◆ **TASK**
Would you return the lines between the one holding "Building Photo - Quaint" and the one holding "Rochie dama tricotata", inclusive, and only those, exactly as they stand in the listing below?

◆ **PROVIDED MATERIAL**
==========
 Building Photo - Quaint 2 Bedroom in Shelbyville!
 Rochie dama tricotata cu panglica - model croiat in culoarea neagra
==========
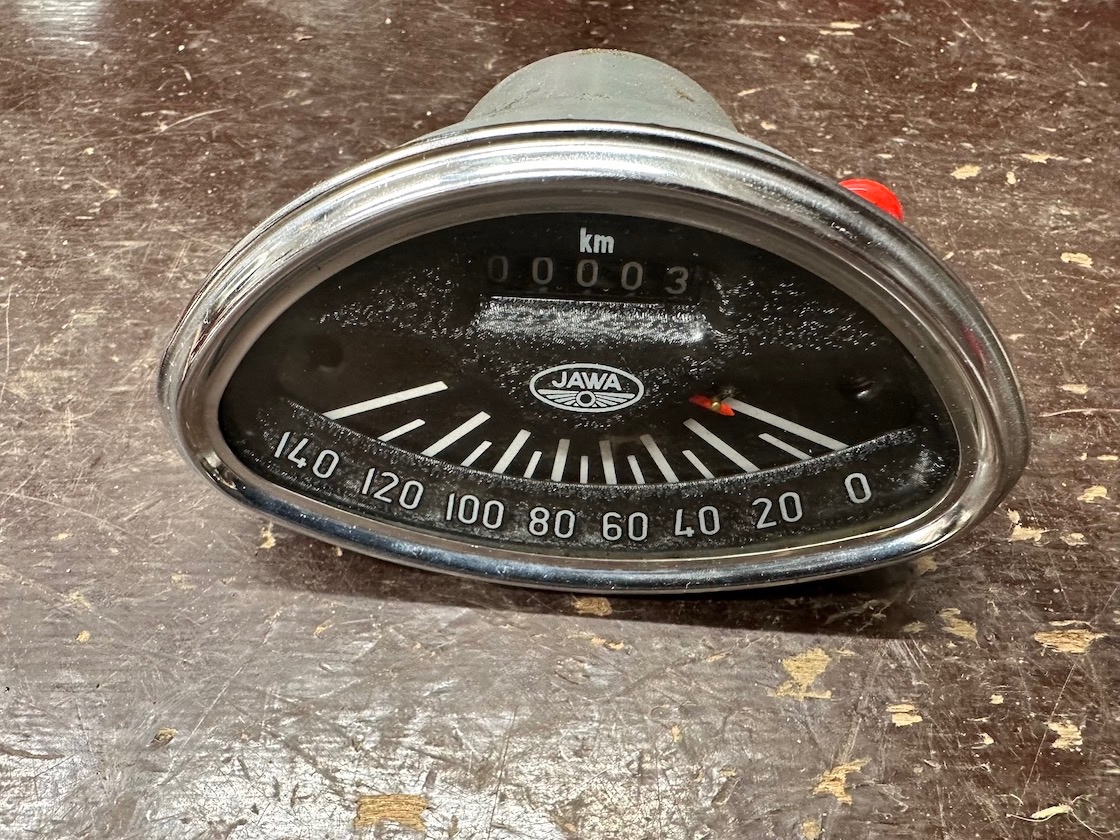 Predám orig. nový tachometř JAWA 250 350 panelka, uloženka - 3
==========
◆ **WRITTEN ANSWER**
 Building Photo - Quaint 2 Bedroom in Shelbyville!
 Rochie dama tricotata cu panglica - model croiat in culoarea neagra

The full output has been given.